Monday, March 8, 2010

Raise High the Roof Beam- Waqt Ne Kiya, Kagaz Ke Phool


A.G: How did the famous Waqt Ne Kiya song from Kagaz Ke Phool with the light beam come about?

V.K: It happened just like that, one day around 4 or 5 p.m. we were sitting in the studio and from top where the ventilators were, we saw light beaming in. It used to happen every day but none of us had looked carefully. So one day myself and Guru Dutt were sitting idle in the studio and I saw this beam and I told Guru Dutt, “ dekhona yeh kitna acha lagta hai”( see how beautiful this looks), utna hi bola mai and suddenly Guru Dutta ne mujhe pakad liya, he said arre Murthy tum aisa karo na hamare picture mei. So I said mei kaisa kar sakta hoon, it is natural sunlight coming through that hole. Guru Dutt said,I don’t know how but I also like it and you are also appreciating, tum kuch karo. Yeh hamara das din ka schedule hai to tum kuch bhi karke karo, bring that effect. So he inspired me. I started thinking how I should do it. I thought maybe I will bring a huge light and put it through a hole. So I got a 10 kilo watt light from Shantaram’s Raj Kamal Studios. But I could not get that effect because that light gives a divergent beam and I wanted a parallel beam…kya karenge? I needed a parallel beam. Next day during lunch time we were sitting, me and Guru Dutt on a cement bench. Just then our make- up man was carrying a mirror in his hand, passing by. Are you getting what I am saying?

A.G: Ah! the make-up man, yes.

V.K: So the sunlight that fell on the mirror threw a ray like thing on the studio wall, so that gave me the idea, (claps his hands and says) I got it, mei bola. Bolo kya chahiye bolo, Guru Dutt asked me. I said, nothing I need two large mirrors. Dutt told the production manager, bring him the two biggest mirrors. We got two mirrors of 4 feet height and 2 and a half feet wide. One mirror I kept in the balcony, outside in the sun light. I kept the balcony door open. The light reflected from that mirror reflected on another mirror inside the studio that was placed on the catwalk.

A.G: So from outside to a mirror inside?

V.K: You see light is a straight beam no? Light travels straight doesn’t it? So we opened studio ventilator doors, kept a mirror there that captured the sunlight which was then reflected onto the mirror on the catwalk. The mirror on the catwalk was tied in a certain way to capture the reflection and then adjusted to suit my frame. Understood? Did you understand?

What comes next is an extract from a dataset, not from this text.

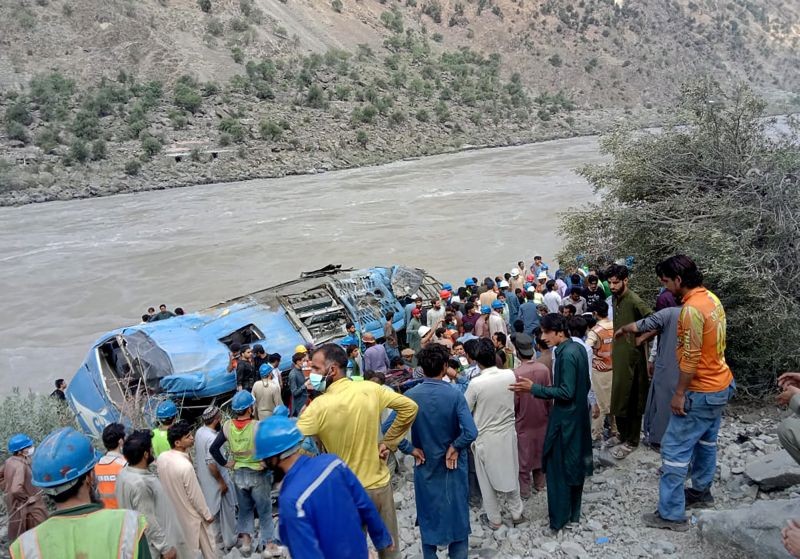 Local residents and rescue workers gather at the site of bus accident, in Kohistan Kohistan district of Pakistan's Khyber Pakhtunkhwa province on July 14, 2021. A bus carrying Chinese and Pakistani construction workers on a slippery mountainous road in northwest Pakistan fell into a ravine Wednesday, killing a dozen of people, including Chinese nationals, and dozens were injured, a government official said. (AP/PTI Photo)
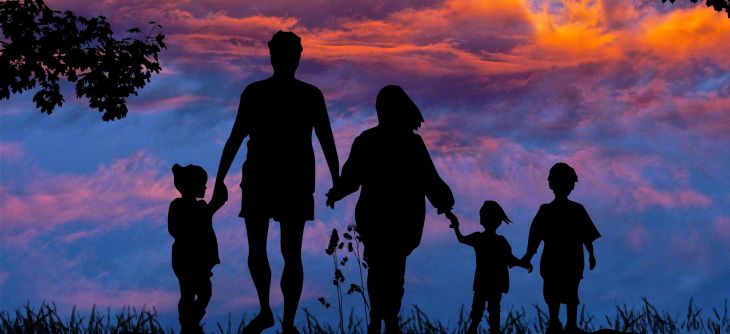 Na tle fioletowego nieba idzie rodzina, której członkowie trzymają się za ręce. W kolejności dziecko, mężczyzna, kobieta, dziecko i dziecko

A.G: You basically channeled the sunlight from outside onto the mirror on the catwalk which was directed onto your frame, which we see in the sequence?

V.K: Yes, correct. We positioned the light as we needed and then we put some lubhan (it is like a large incense stick that produces smoke).

A.G: What did you put?

V.K: Lubhan, lubhan, woh lubhan dalne se smoke aata hai (Lubhan produces smoke) because if there is no smoke you cannot see the light beam clearly and lubhan smoke is good for health also. Thats how I got that shot, that became a historical shot in Indian cinematography in those days.

A.G: It still is!

V.K: There were many directors and cameramen, there was this cameraman for Mehboob Studio called Fareedoon Irani, he had seen me doing this and he asked me, “Murthy kya kar rahe ho?” (what are you doing?) So I said, “aise hi koi experiment kar raho hoon”. (I am just experimenting). He said “acha”, didn’t say anything more, he was a senior most cameraman. Next day, I wanted this shot to be immediately developed and processed since I wanted to see the results, how it looked. The rushes had come but I was shooting so it was sent to the projection room. You know what, in the meanwhile this Fareedoon Irani went and saw it! (Laughs)

A.G: Before you?

V.K: In the lunchtime I was so going towards the projection room, dekhne ke liye. Just then Fareedoon sahib was coming down the staircase and he said , “ arre Murthy, kya kamal kaam kiya re” ( Murthy you have done such fantastic work) and he came and embraced me and said that for so many years we were not able to do it but you have done a great thing. He said, “go go and see your own work, it is so beautiful”. That was the biggest compliment I got and also I was very happy. But I never thought it would become history. I thought the beam looks good in the studio. At that time it didn’t occur to me that it was such a great thing. Accidentally we did it and said chalo maja atta hai, issi liye kar diya. (We were having fun and we just did it!)

Sunday, March 7, 2010

Light travels in a straight line- V.K .Murthy, the (legendary) cinematographer

I read an article in The Hindu last week on V.K. Murthy, the legendary cinematographer of films are like Pyasa and Kagaz Ke Phool. He has just been awarded the Dada Saheb Phalke Award, the highest honour for anyone from the Indian film industry.He is the first cinematographer to be winning the Phalke award. After reading the article I wanted to spend an afternoon listening to his stories. Given that Papa ajoba is in Bombay and I am in Bangalore, entries for this blog have been drying up.I was lucky that V.K. Murthy lives in Bangalore. After a few phone calls I got myself an appointment with Mr. Murthy for Sunday afternoon.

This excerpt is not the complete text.